Only the lines from the one containing "QR Code for" through the end of the data are wanted, reproduced exactly and without pictures.
___ DATASET EXCERPTS ___
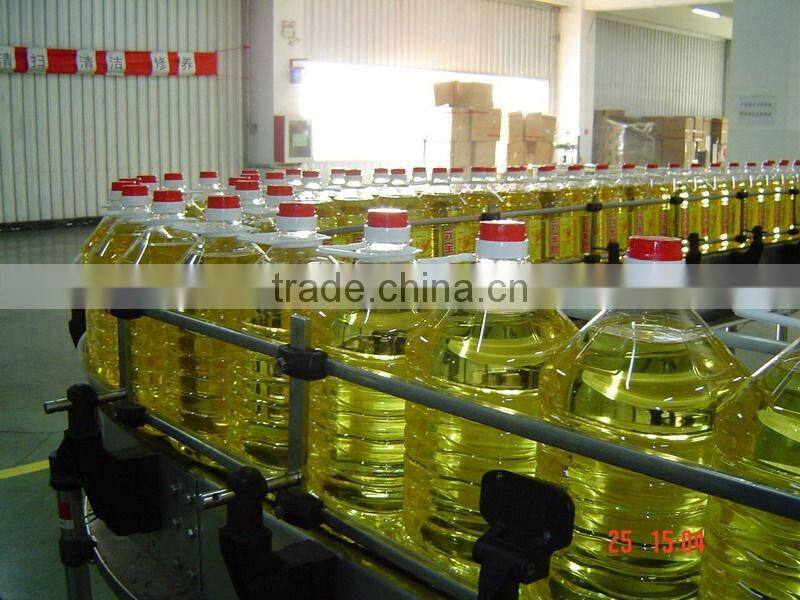 20 Ton coconut oil mills for copra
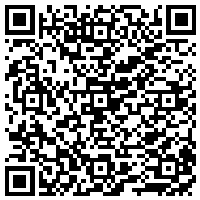 QR Code for bitcoin:bitcoin:bitcoin:bitcoin:bitcoin:bitcoin:bitcoin:bitcoin:bitcoin:bitcoin:bitcoin:LhJMVNqAvRaoWfLb27iZ2NHWY8Teo7cR58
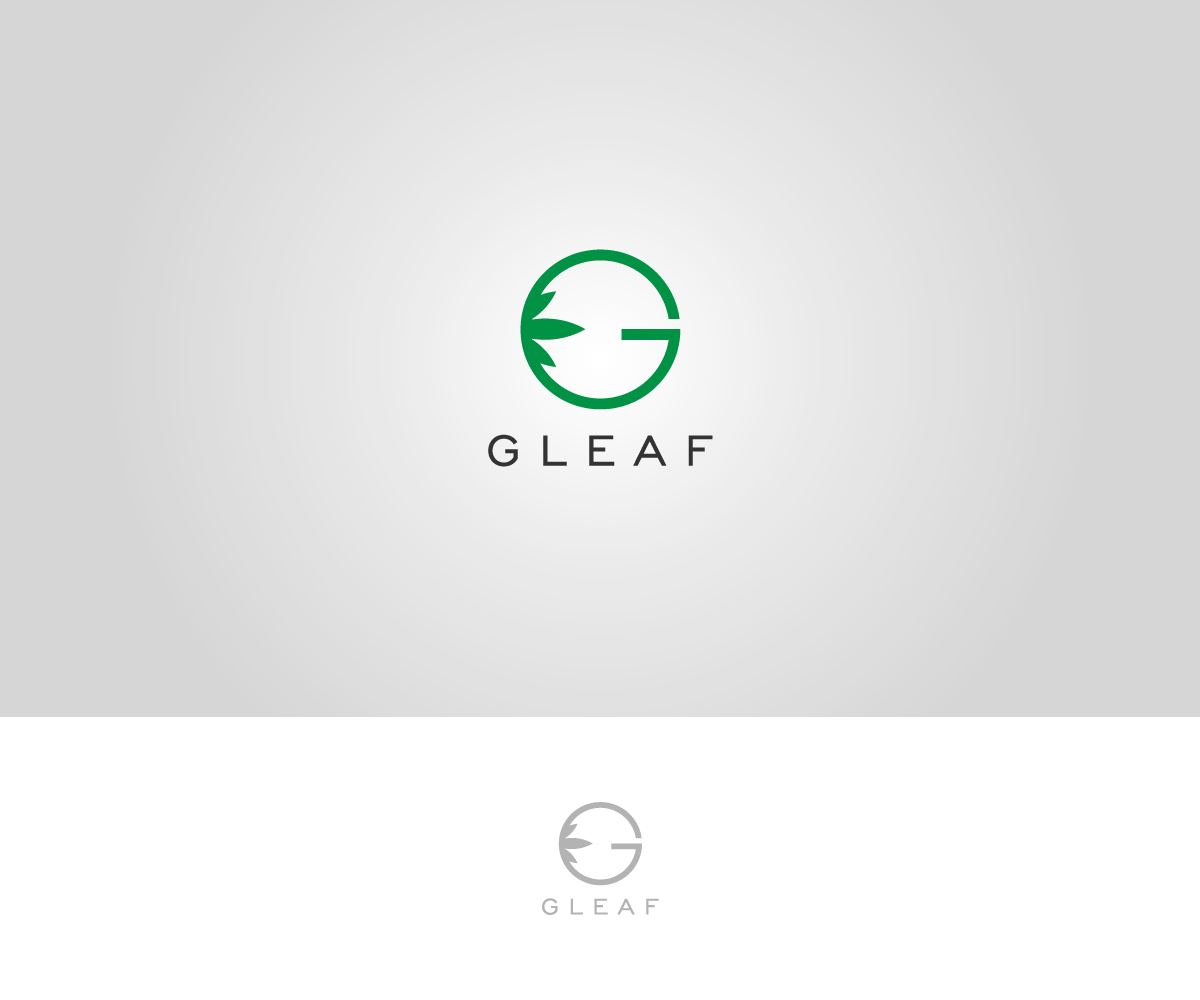 Logo Design by aglaronde23 for this project | Design #21498998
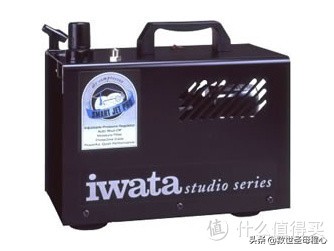 模型补色工具大全,模型专用颜料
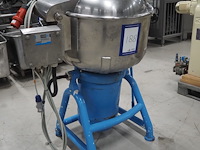 Stephan - afbeelding 1 van  11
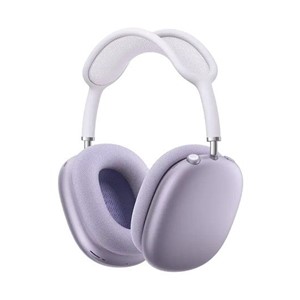 Apple AirPods Max 2 - Purple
___
EXPECTED OUTPUT.
 QR Code for bitcoin:bitcoin:bitcoin:bitcoin:bitcoin:bitcoin:bitcoin:bitcoin:bitcoin:bitcoin:bitcoin:LhJMVNqAvRaoWfLb27iZ2NHWY8Teo7cR58
 Logo Design by aglaronde23 for this project | Design #21498998
 模型补色工具大全,模型专用颜料
 Stephan - afbeelding 1 van  11
 Apple AirPods Max 2 - Purple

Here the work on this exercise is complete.